Navajo encogió los hombros bajo la holgada camisa roja. Nada de aquello era importante, ni secreto, pero saltaba a la vista que deseaba mantener el carácter oficioso. Una vez establecidos los resultados de muerte accidental, Nuestra Señora de las Lágrimas seguía siendo asunto exclusivamente eclesiástico. Corrían rumores sobre las presiones especulativas del ayuntamiento y los bancos, y los jefes del subcomisario eran partidarios de mantenerse al margen. A fin de cuentas, aunque español de origen, sacerdote y viejo conocido del subcomisario, Quart era agente de un Estado extranjero.

– Según nuestros expertos -respondió Navajo- la cornisa se cayó porque el fragmento ya estaba dañado, como lo demostró un estudio pericial posterior. Detectamos una bolsa de humedad detrás, en la pared, filtrada por unas junturas del tejado durante años y años.

– ¿De veras descartan por completo la intervención humana?

El subcomisario puso cara de guasa, pero se contuvo. Al fin y al cabo, estaba en deuda con Quart.

– Oiga, páter. Aquí, en la policía, al ciento por ciento no descartamos ni que Judas fuera asesinado por alguno de sus once colegas; así que dejémoslo en un noventa y cinco. De cualquier modo es improbable que alguien le dijera a ese infeliz: oye, espera aquí un momento; y después trepase al andamio, arrancara un trozo de cornisa, y se lo dejase caer encima, fiuuuuu, mientras el otro miraba hacia arriba -los dedos del subcomisario habían trepado al andamio, descendido en forma de objeto contundente, y ahora estaban, como se veía venir, inertes sobre la mesa esperando al forense-. Eso sólo pasa en los dibujos animados.
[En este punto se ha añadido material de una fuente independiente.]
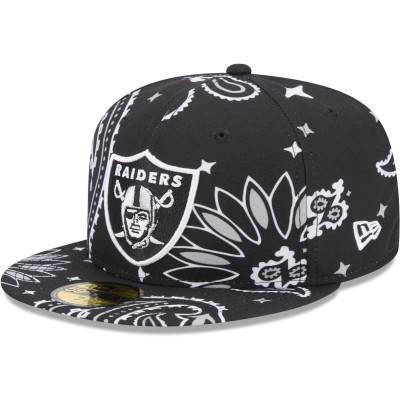 Бейсболка Las Vegas Raiders New Era Black Paisley 59FIFTY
Cuando se despidió del subcomisario, Quart tenía la impresión de que Vísperas había exagerado las cosas. O quizás aquello de que la iglesia matara para defenderse resultaba -en versión libre, singular y simbólica- rigurosamente cierto. Otra cosa era cuantificar la capacidad de liquidar gente molesta que podía tener, intrínsecamente o con auxilio del azar o la Providencia, un decrépito edificio con tres siglos de antigüedad. Pero, llegadas a ese punto, las cosas ya no afectaban a Quart; ni siquiera al IOE. Los aspectos conflictivos de lo sobrenatural corrían por cuenta de otro tipo de especialistas, más próximos a la cofradía siniestra del cardenal Iwaszkiewicz que al rudo centurión encarnado en monseñor Spada. En cuyo mundo -que era el del buen soldado Quart- uno y uno sumaban dos desde que en principio fue el Verbo.
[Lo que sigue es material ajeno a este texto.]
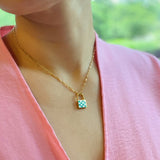 Checkered Locket Necklace by Ellisonyoung.com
Reflexionaba sobre eso camino de la iglesia, cuando le pareció escuchar pasos a su espalda al internarse en las callejas estrechas de Santa Cruz; pero aunque se detuvo un par de veces no pudo comprobar nada sospechoso. Continuó, procurando mantenerse cerca de la exigua sombra que brindaban los aleros de las casas. El sol caía fuerte en Sevilla, y las fachadas blancas y ocres reverberaban igual que las paredes de un horno, haciendo que la chaqueta negra pesara en los hombros como plomo candente. Si de veras resultaba haber algo al otro lado, se dijo Quart, los sevillanos que fueran en pecado mortal iban a encontrarse como en casa: el infierno ya lo conocían varios meses al año, en la tierra. Al llegar a la pequeña plaza de la iglesia se detuvo junto a la reja de los geranios, envidiando al canario que, en su jaula y a la sombra, mojaba el pico en una ampollita de agua. No había un soplo de aire y todo colgaba inmóvil: los visillos de la ventana, las hojas de las macetas y de los naranjos. Velas en el mar de los Sargazos.